Exclude all pictures, then write out exactly the lines below from the first one through the line with "Постер Молодая женщина".

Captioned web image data
____________

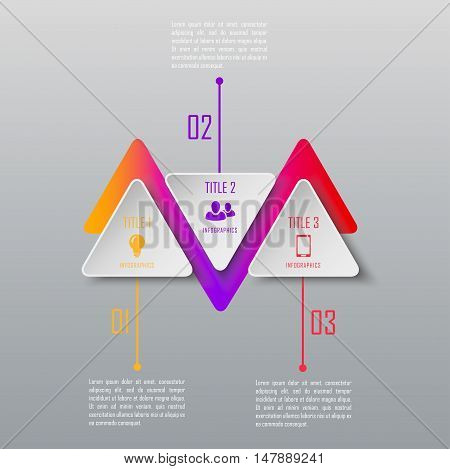 Three steps infographics. Infographic timeline template can be used for chart, diagram, web design, workflow layout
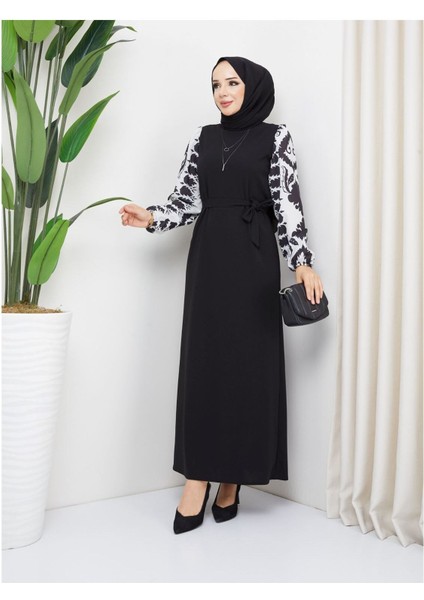 Yuvarlak Desenli Şifon Kollu Tuğba Model Elbise - Siyah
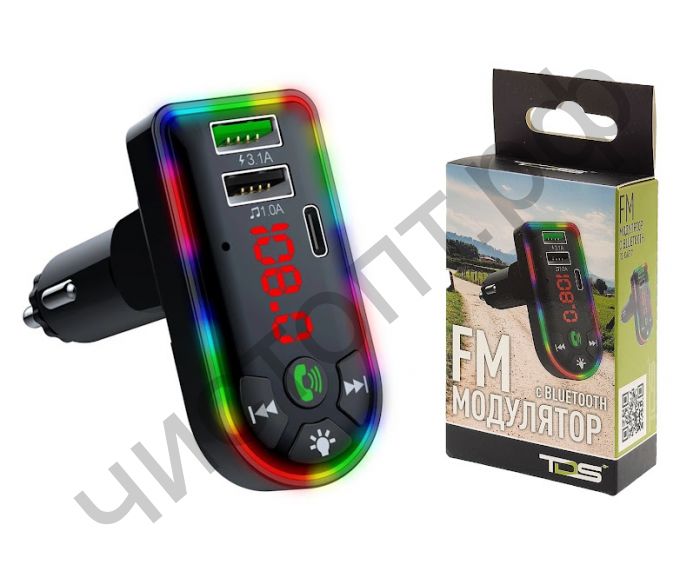 FM модулятор MP3 TS-CAF17 подсветка RGB (Bluetooth) 2 USB, один 3,1А + выход TYPE-C для зарядки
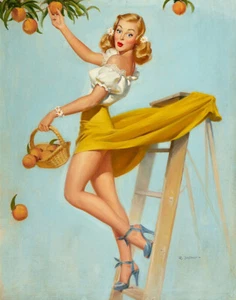 Robert Skemp - Naranja Coleccionando Pin Up Girl - Póster Pin Up Vintage - Imagen 1 de 1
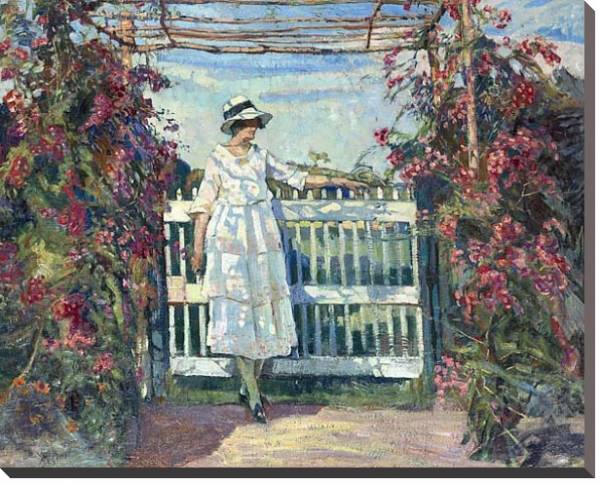Постер Молодая женщина в саду с розами с типом исполнения На холсте без рамы
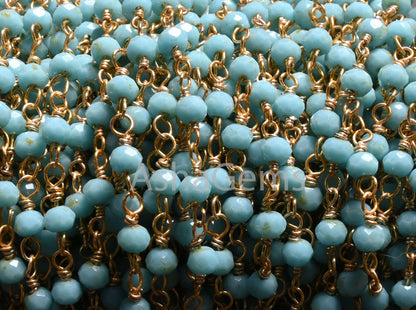 3,5,10,25 Ft,Blue Turquoise Hydro Rondelle Faceted Beaded Rosary Chain Gold Plated Wire,Jewelry Making,Finding,Size 3-3.5 mm,Bulk Roll Wire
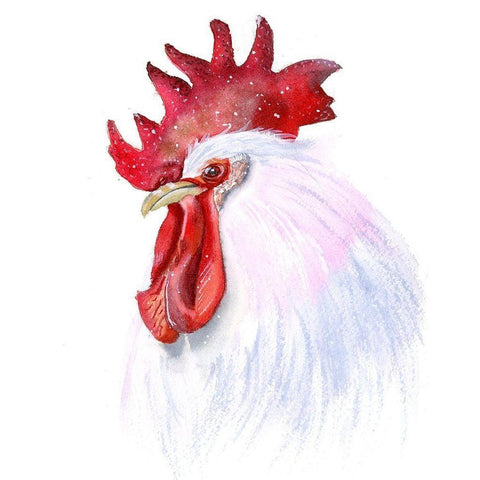 Rooster White Modern Wood Framed Art Print by Shefranov, Olga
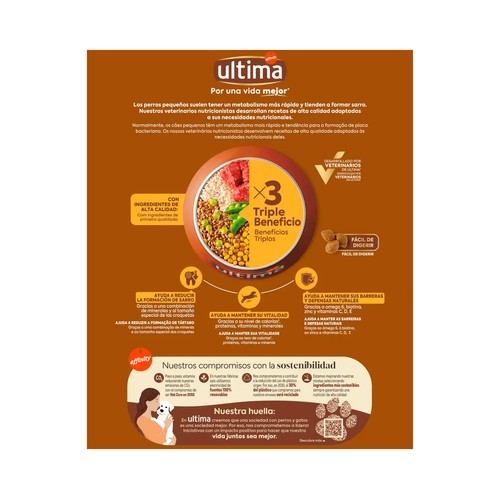 ULTIMA Alimento seco de perro mini adulto sabor buey 1.25kg
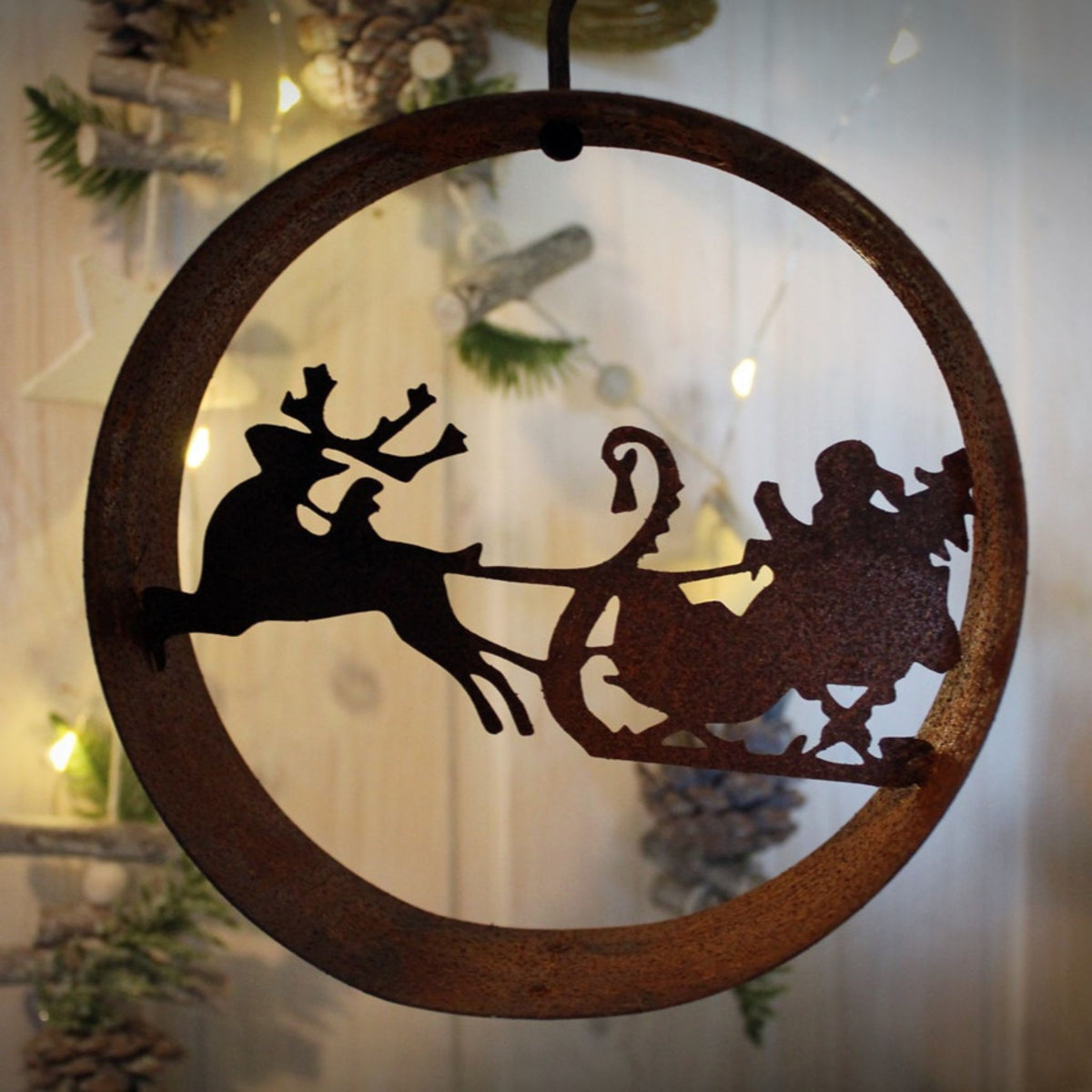 Edelrost Dekoring Weihnachtsmann mit Schlitten 15 cm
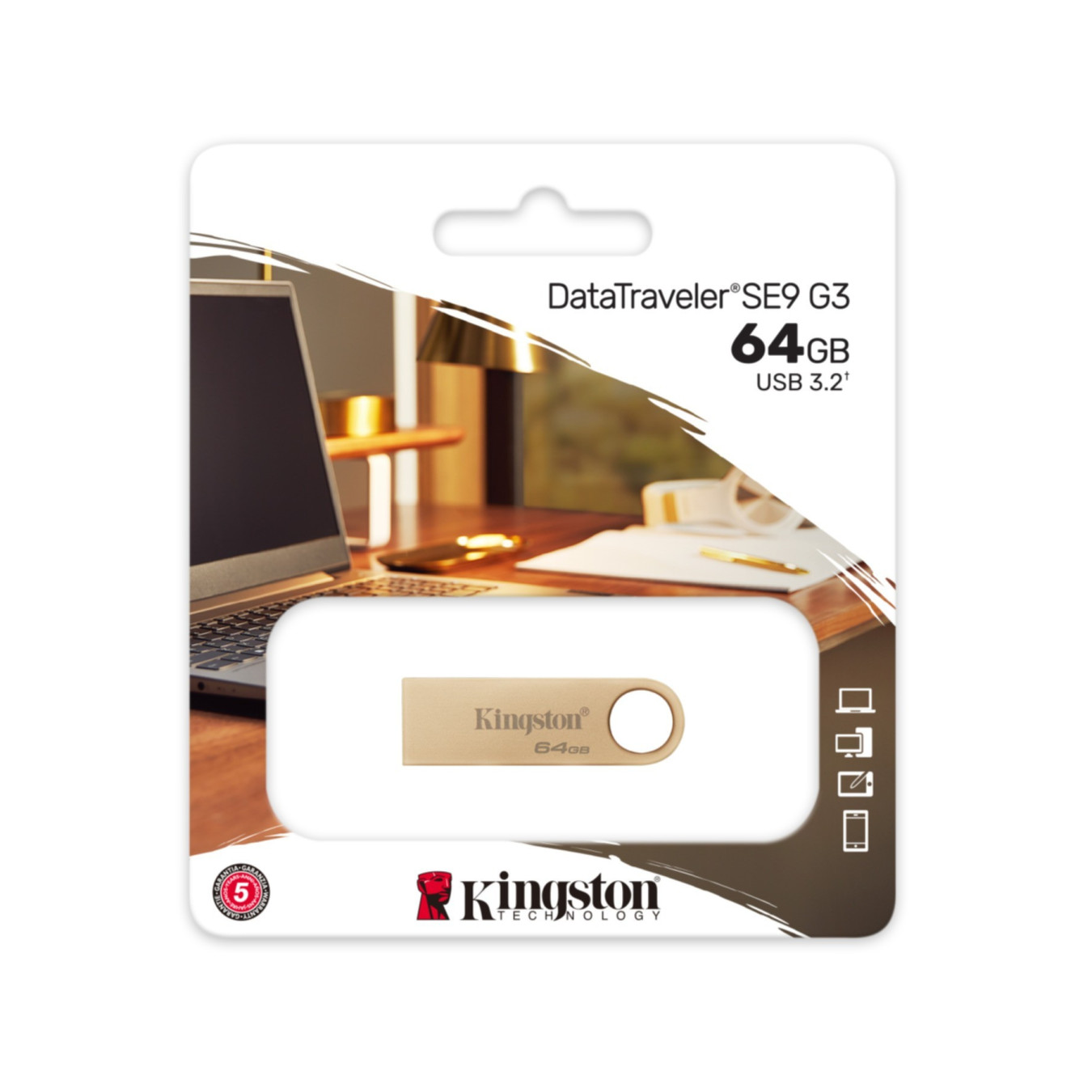 Kingston DataTraveler SE9 G3 - DTSE9G3 - 64GB USB 3.2 Gen 1 Flash Drive (Gold, USB-A, 220MB/s)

____________

## The completed task
 Three steps infographics. Infographic timeline template can be used for chart, diagram, web design, workflow layout
 Yuvarlak Desenli Şifon Kollu Tuğba Model Elbise - Siyah
 FM модулятор MP3 TS-CAF17 подсветка RGB (Bluetooth) 2 USB, один 3,1А + выход TYPE-C для зарядки
 Robert Skemp - Naranja Coleccionando Pin Up Girl - Póster Pin Up Vintage - Imagen 1 de 1
Постер Молодая женщина в саду с розами с типом исполнения На холсте без рамы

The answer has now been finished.